::: DATA FOR REVIEW
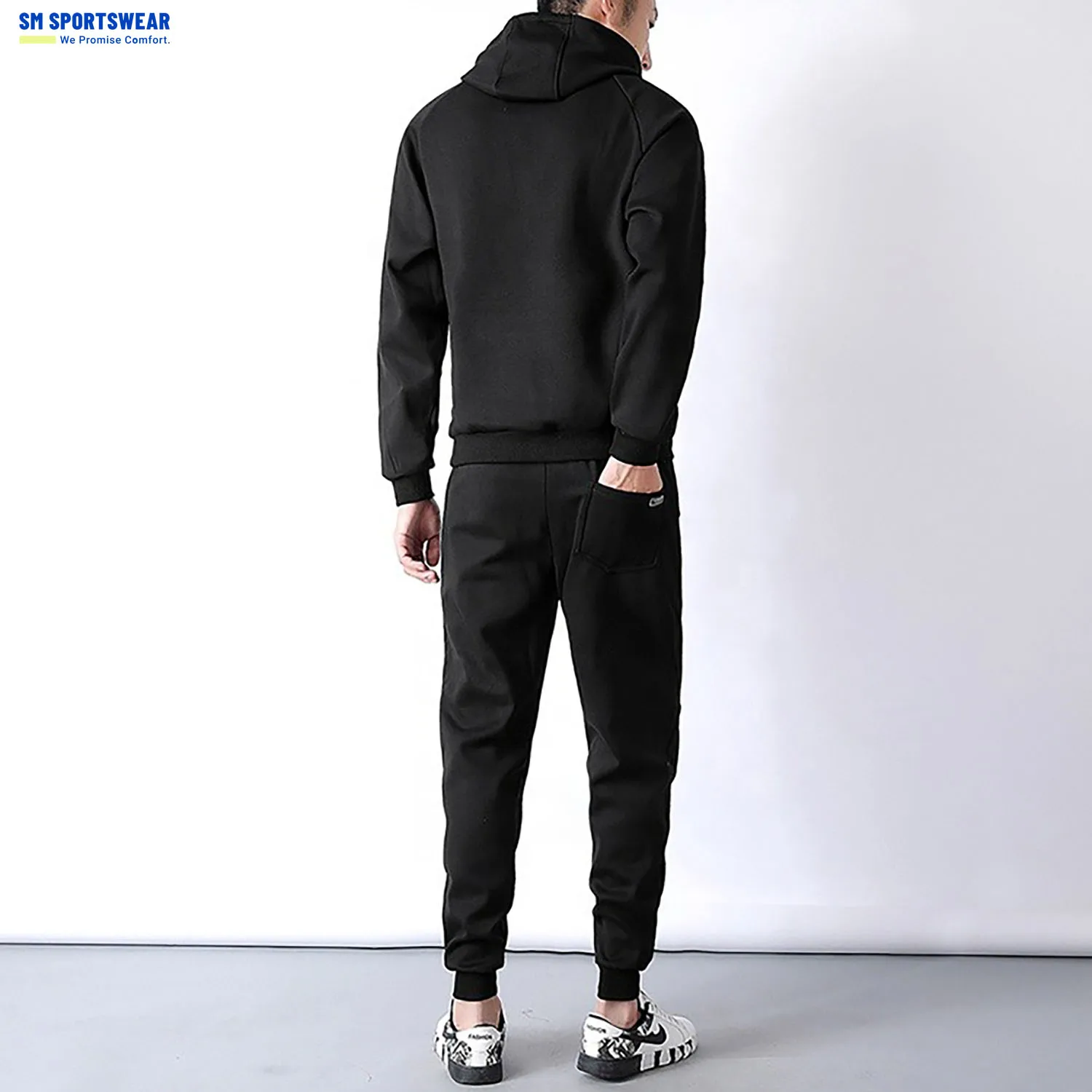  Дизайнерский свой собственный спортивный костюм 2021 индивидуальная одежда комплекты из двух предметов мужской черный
::::::
::: DATA FOR REVIEW
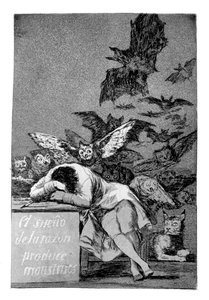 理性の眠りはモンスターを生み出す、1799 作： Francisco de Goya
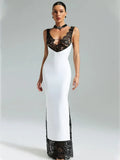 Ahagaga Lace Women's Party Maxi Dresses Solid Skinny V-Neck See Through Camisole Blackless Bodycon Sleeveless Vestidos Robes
::::::
= WHAT TO DO =
Looking above, find the stretch of lines that opens with the one holding "理性の眠りはモンスターを生み出す、1799 作： Francisco de Goya" and closes with the one holding "Ahagaga Lace Women's". Copy it exactly, pictures excluded.

= EXERCISE RESPONSE =
 理性の眠りはモンスターを生み出す、1799 作： Francisco de Goya
 Ahagaga Lace Women's Party Maxi Dresses Solid Skinny V-Neck See Through Camisole Blackless Bodycon Sleeveless Vestidos Robes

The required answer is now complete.